L’Ape musicale

rivista di musica, arti, cultura

 

E adesso musica!

di Luca Fialdini

Mentre si è già entrati nel vivo dei preparativi per il 2026, l’Achrome Ensemble chiude con successo la nona stagione di musica contemporanea “… e adesso musica!”

BERGAMO 10 maggio 2025 – L’Achrome Ensemble, questo quintetto (più direttore) dal nome manzoniano, ha il gran merito di aver capito il momento storico e di aver saputo inserirsi intelligentemente sia a livello di produzione, sia a livello di proposta artistica. Non si tratta di un giudizio personale ma della semplice prova dei fatti: in circa un decennio di attività l’Achrome Ensemble è già una delle realtà di riferimento per la contemporanea, non solo per l’alto numero di prime esecuzioni e per il lavoro diretto con i compositori, ma anche per la diffusione di quanto è già stato scritto (non è necessario sottolineare quanto sia fondamentale la creazione di un repertorio contemporaneo, all’infuori della sfilza di “prime e ultime”), per la divulgazione verso le giovani generazioni dai Conservatori fino ai Licei Musicali. Diffusione, divulgazione, collaboratori esterni fra compositori e strumentisti e contatto con gli autori sono percorsi che si intrecciano nella loro proposta territoriale più importante, la rassegna “… e adesso musica!” ospitata in Sala “Alfredo Piatti” a Bergamo.

Il quarto e ultimo concerto della stagione ne rispecchia in toto le caratteristiche, con una percentuale di prime esecuzioni piuttosto alta, includendo brani commissionati in Italia e all’estero, e l’invenzione di “Suoni dalla galleria”, «un piccolo fil rouge in cui alcuni strumentisti di Achrome Ensemble eseguiranno, ad ogni appuntamento, un brano solistico del compositore Pieralberto Cattaneo» dalla galleria di Sala Piatti.

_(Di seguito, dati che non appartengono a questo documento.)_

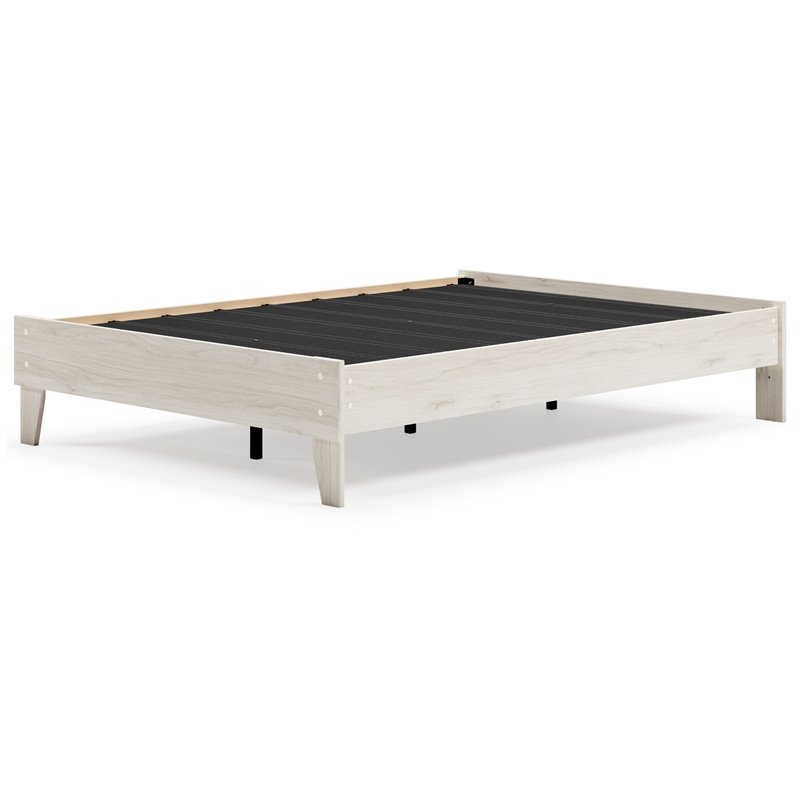 Bowery Hill Modern Engineered Wood Full Platform Bed in Natural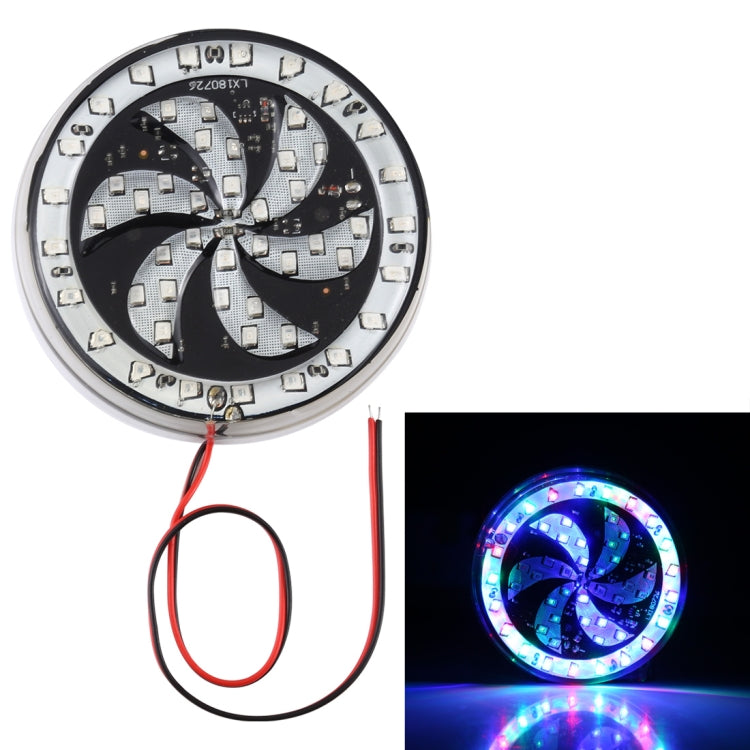 65 LEDs SMD 2835 Motorcycle Modified Windmill Angel Eyes RGB Light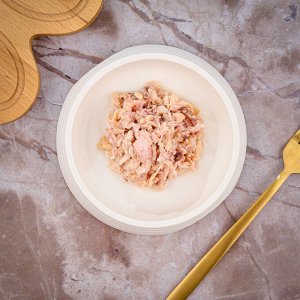 Влажный корм Monge Cat Natural для кошек, из тунца с курицей и креветками, консервы 80 г  - 48шт + шоу-бокс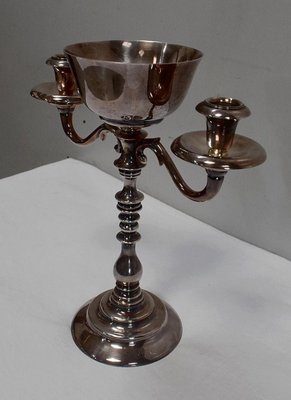 Vintage Silver-Plated Candleholders, Set of 2-RVK-716107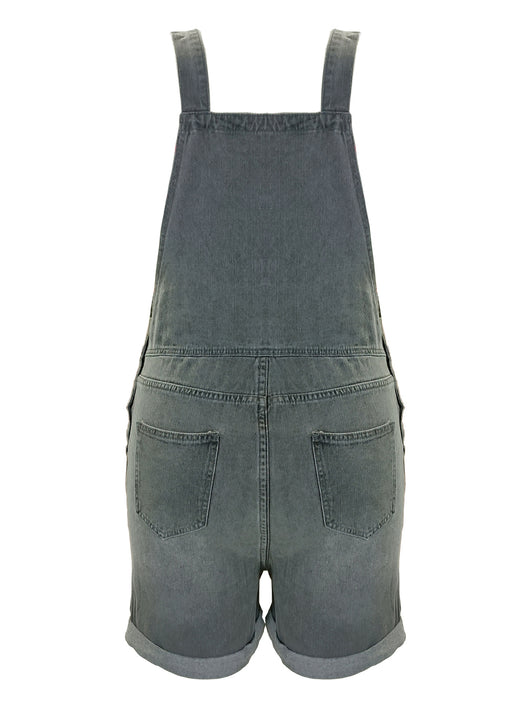 Shorts Bib con Tirantes Estampados y Detalles Bordados - Image 5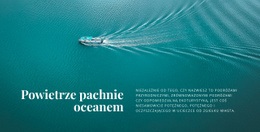 Powietrze Pachnie Oceanem - Responsywny Szablon HTML5
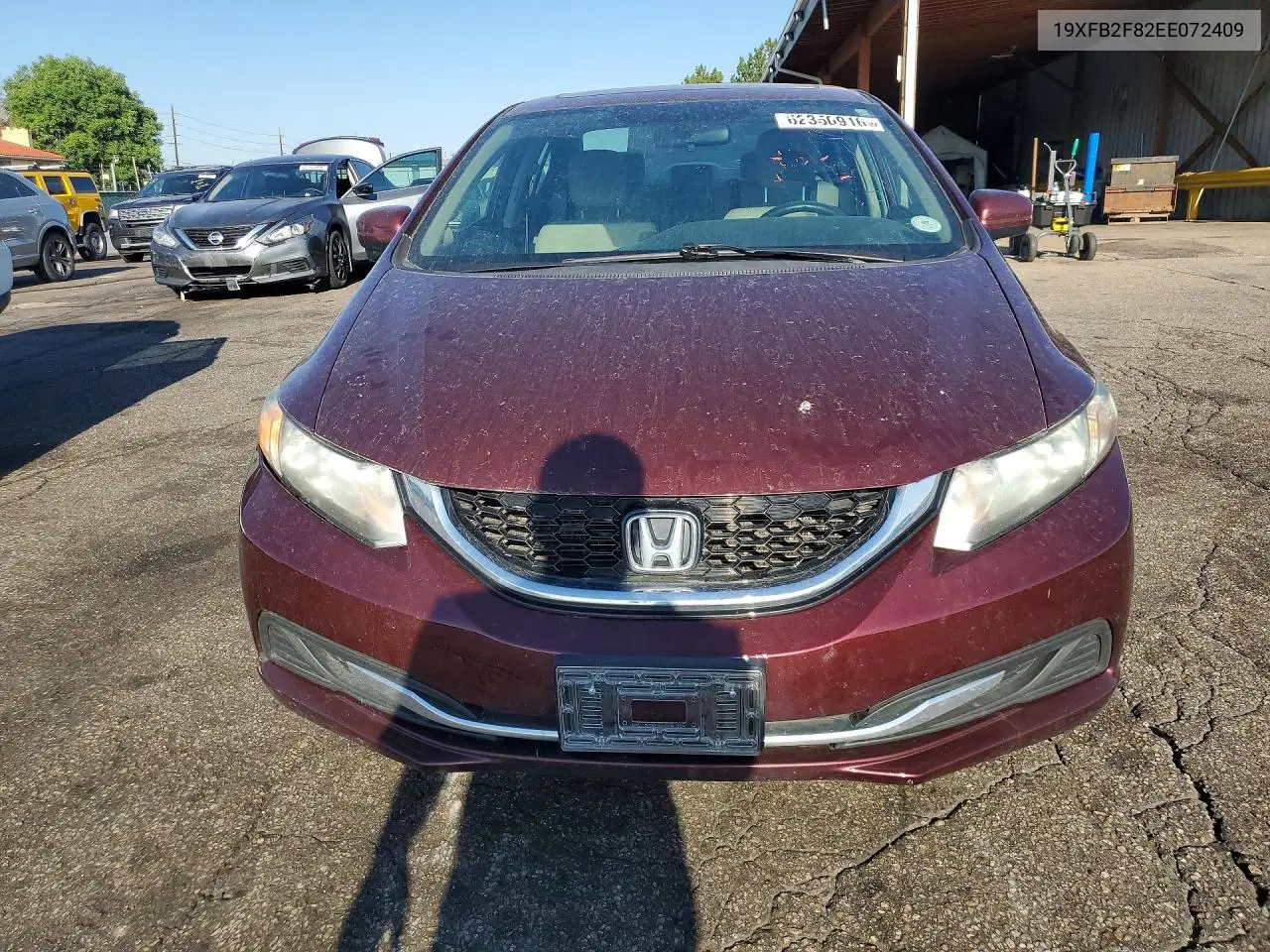 2014 Honda Civic Ex VIN: 19XFB2F82EE072409 Lot: 62350916
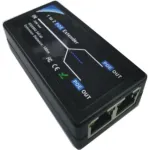 Extender PoE pasiv cu 2 porturi ieșire, 100 m, 15W/port, IEEE 802.3af/at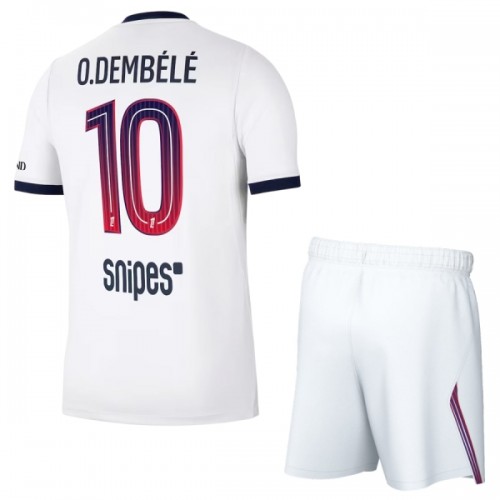 Divisa Paris Saint Germain O. Dembele 10 Secondo 2026-27 Maniche Corte - Bambino Divisa Paris Saint Germain O. Dembele 10 Secondo 2026-27 Maniche Corte - Bambino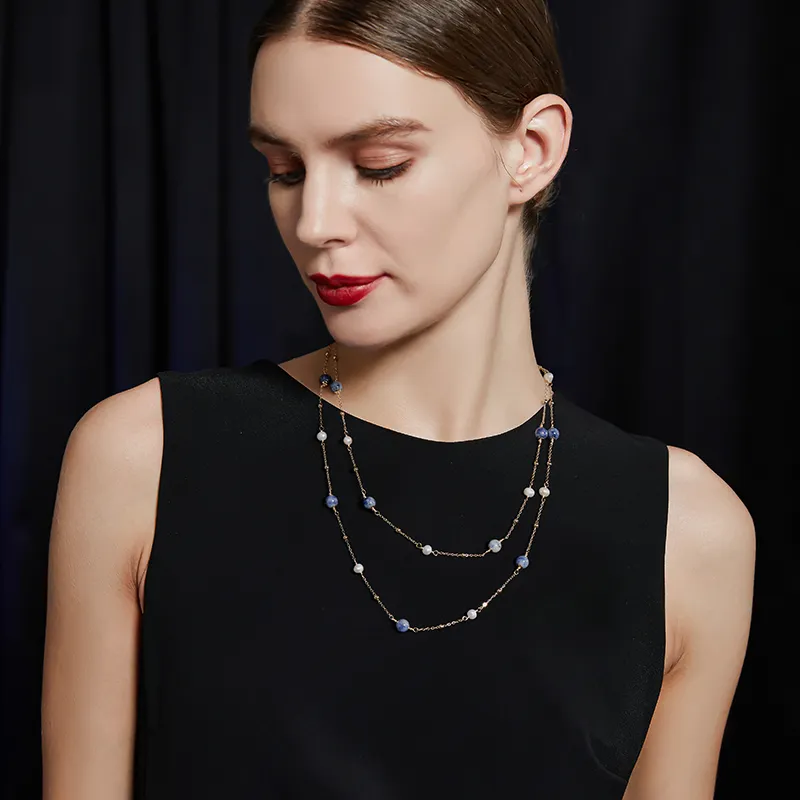 JAY Faux Crystal Necklaces Women's-6
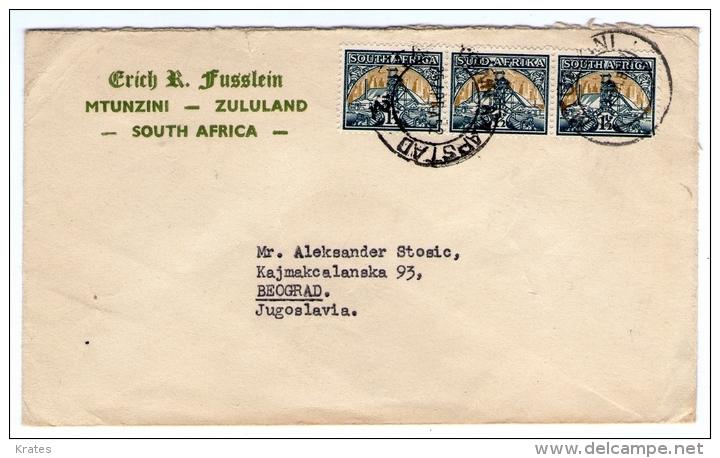 Old Letter - South Africa - Luchtpost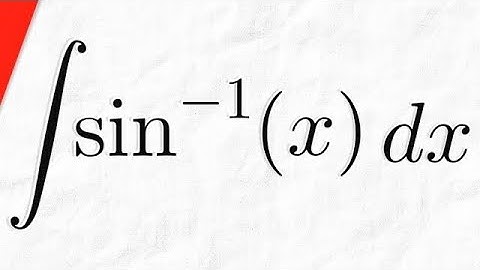 Integral of arcsin(x) with Integration by Parts | Calculus 2 Exercises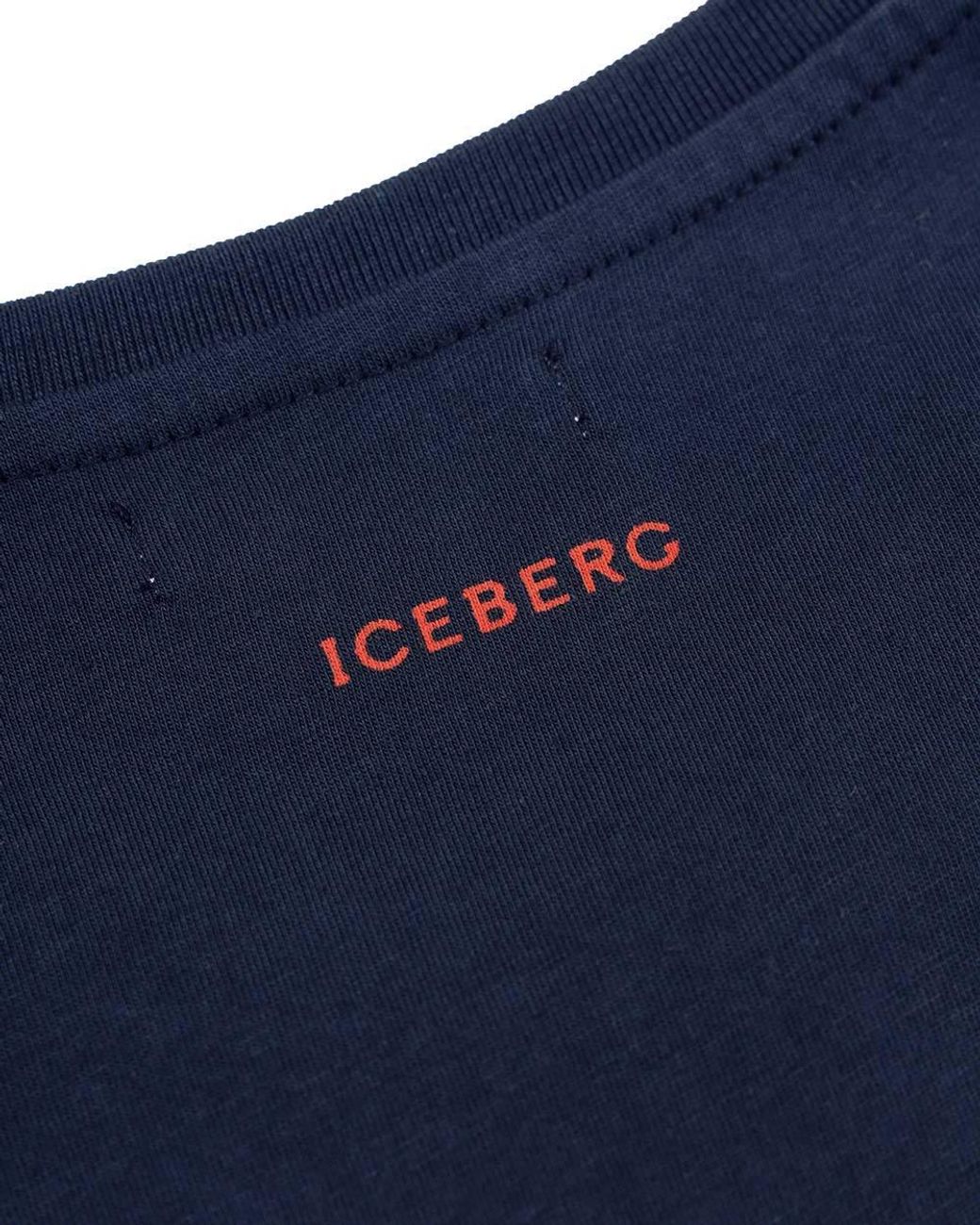 Iceberg Blue Printed T-Shirt for men
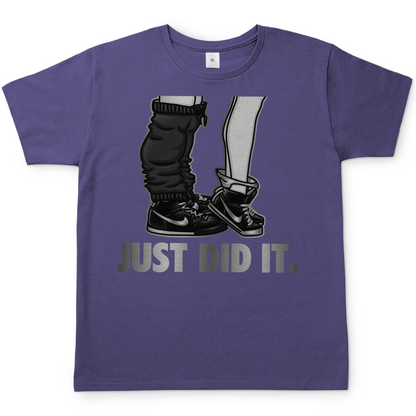 JUST DID IT - Herren T-Shirt Millennial Lilac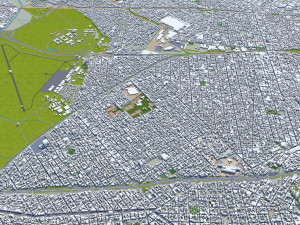 Greater Buenos city aires 100km Modèle 3D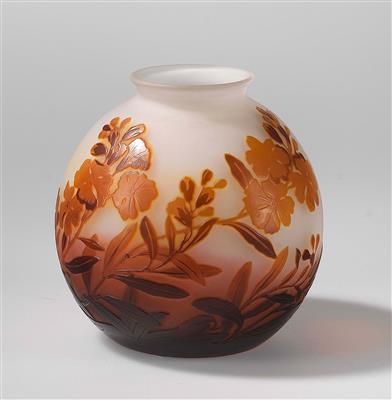 A vase "Myosotis", Emile Gallé, Nancy, 1906-14 - Jugendstil and 20th Century Arts and Crafts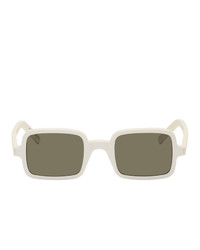Saint Laurent White Sl 332 Sunglasses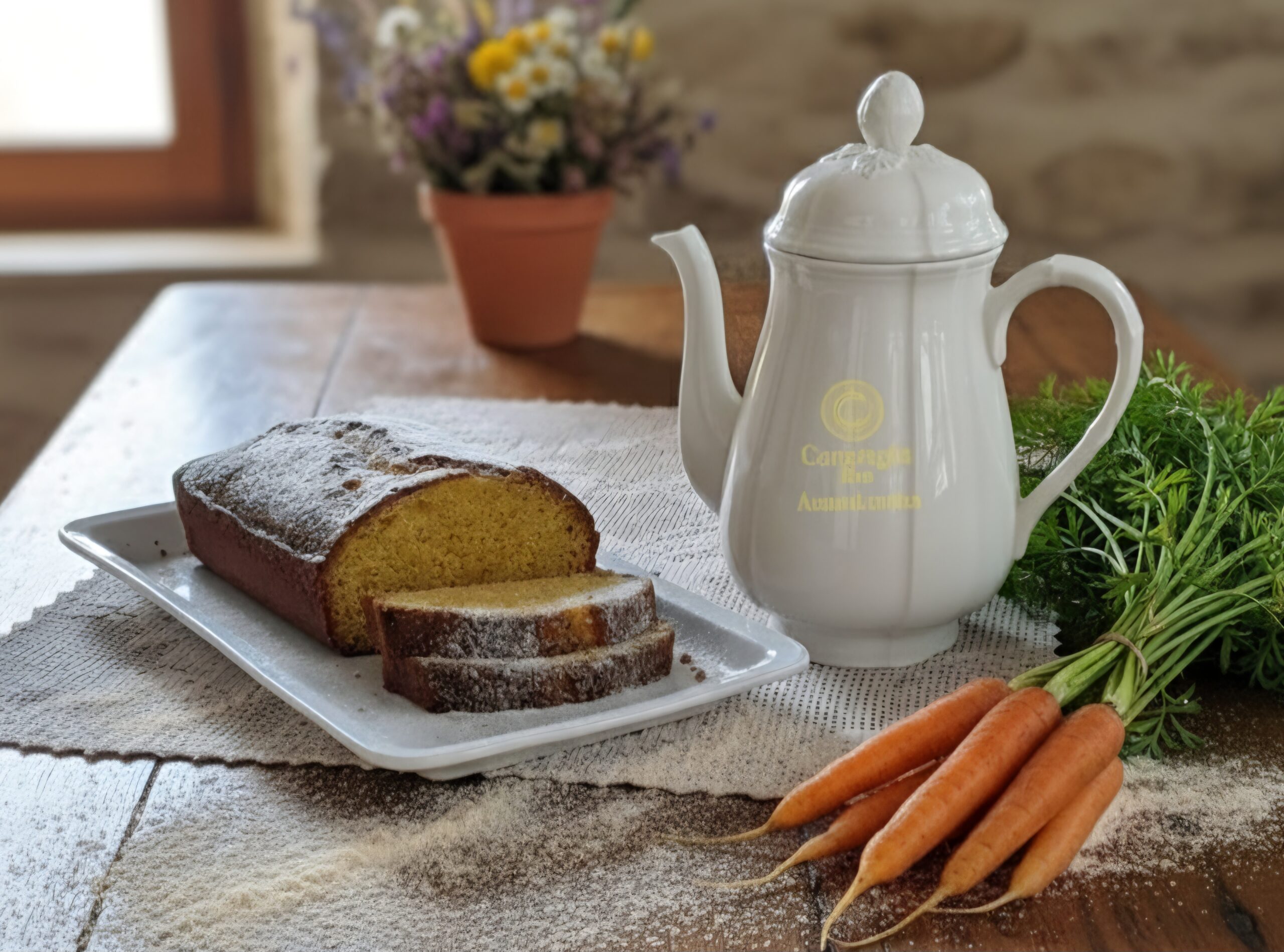 Der Möhren-Pflaumenkuchen mit Vollkornhafer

Per l’appunto, ’900 (una poesia di T. Kemeny e un clarinetto) per clarinetto solo di Cattaneo costituisce il suggestivo inizio dell’appuntamento del 10 maggio, con Stefano Merighi che sottolinea le molte raffinatezze di una scrittura a un tempo cesellata e con un attento gusto melodico.

Il programma riunisce linguaggi molto diversi fra loro, dando la possibilità al quintetto di poter fare mostra dei suoi numerosi pregi. Il già citato Stefano Merighi al clarinetto, Antonella Bini al flauto, Elia Leon Mariani al violino, Emanuele Rigamonti al violoncello, Gabriele Rota al pianoforte e – non ultimo – il loro direttore Marcello Parolini costituiscono un organismo coeso e compatto, come nella migliore tradizione degli ensemble affiatati; questo tratto emerge in particolare in Sonata dell’aere di Salvatore Di Stefano (dichiaratamente un pezzo in cui non devono emergere i singoli strumenti ma il loro insieme) e soprattutto Perpetuum Moebius di Vladimir Tarnopolsky: indiscutibilmente il miglior titolo del programma, è un lavoro tanto meraviglioso quanto terrificante che richiede non solo grande perizia al singolo esecutore ma soprattutto mette a dura prova la tenuta dell’ensemble, una situazione da cui l’Achrome si disimpegna con apparente disinvoltura e soprattutto con una bella intelligenza musicale.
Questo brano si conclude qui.